Task item ▸
Range to repeat from the listing below: the line containing "Cost of living" down to the line containing "Cumulative Plot", both included. Copy it exactly, pictures excluded, and add nothing else.

Material for this task ▸
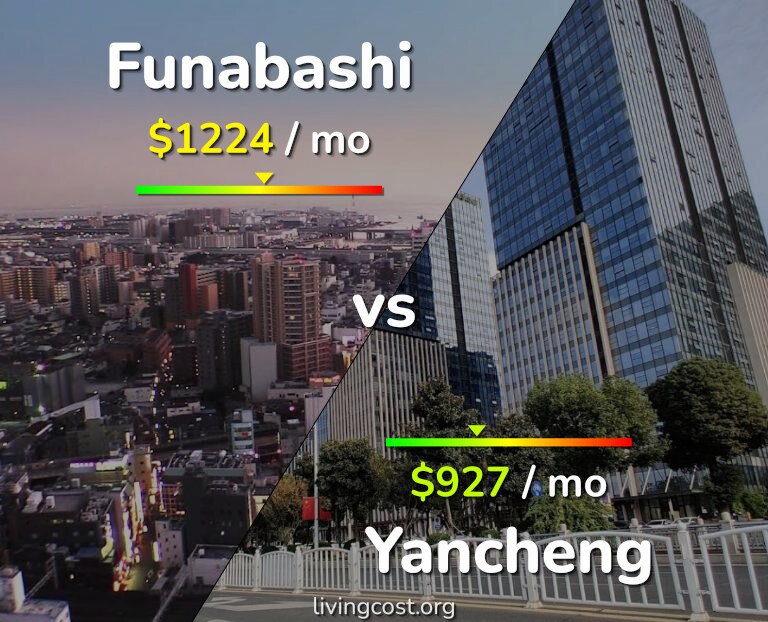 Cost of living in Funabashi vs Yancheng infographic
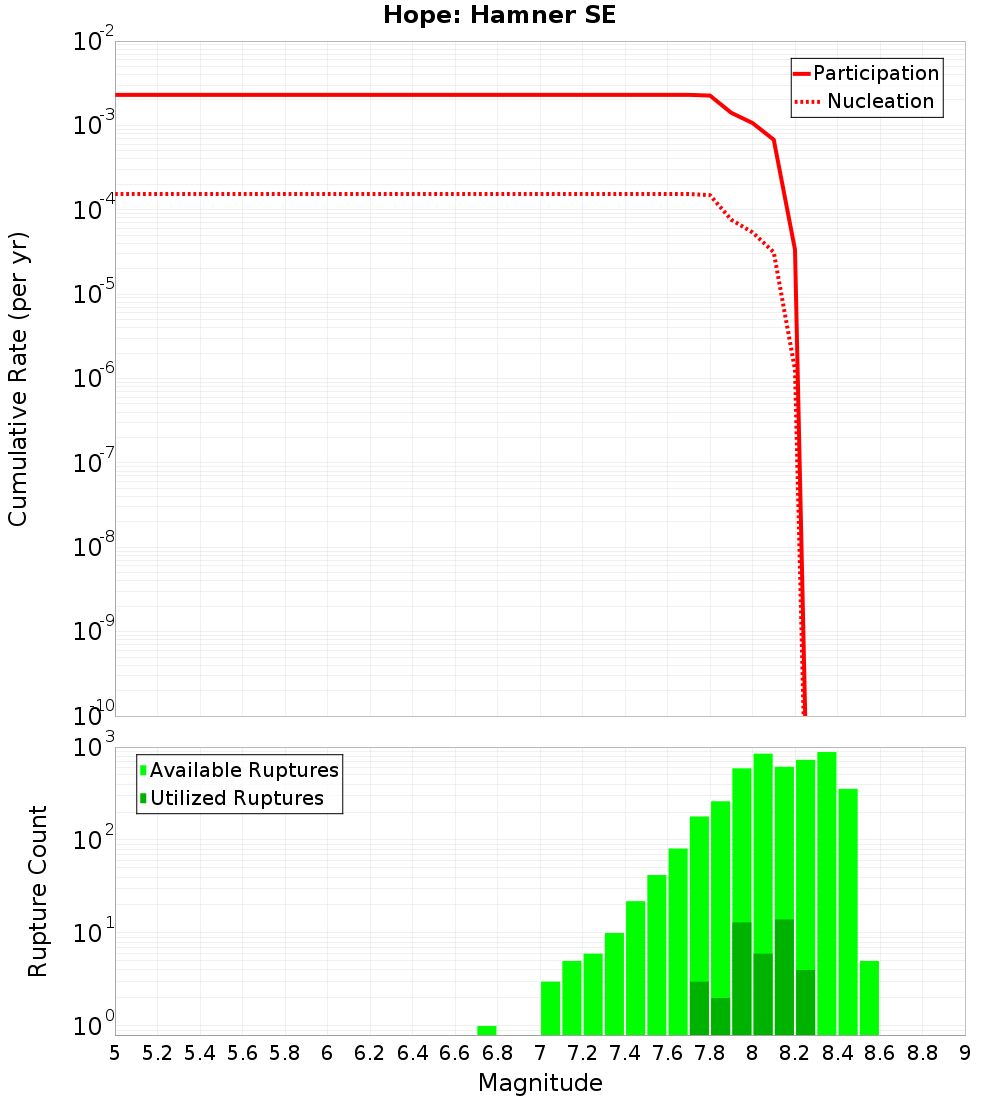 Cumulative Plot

--

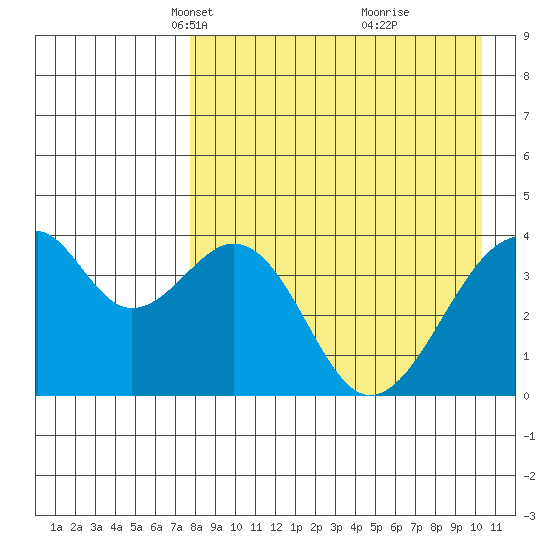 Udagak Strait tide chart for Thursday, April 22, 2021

Result ▸
 Cost of living in Funabashi vs Yancheng infographic
 Cumulative Plot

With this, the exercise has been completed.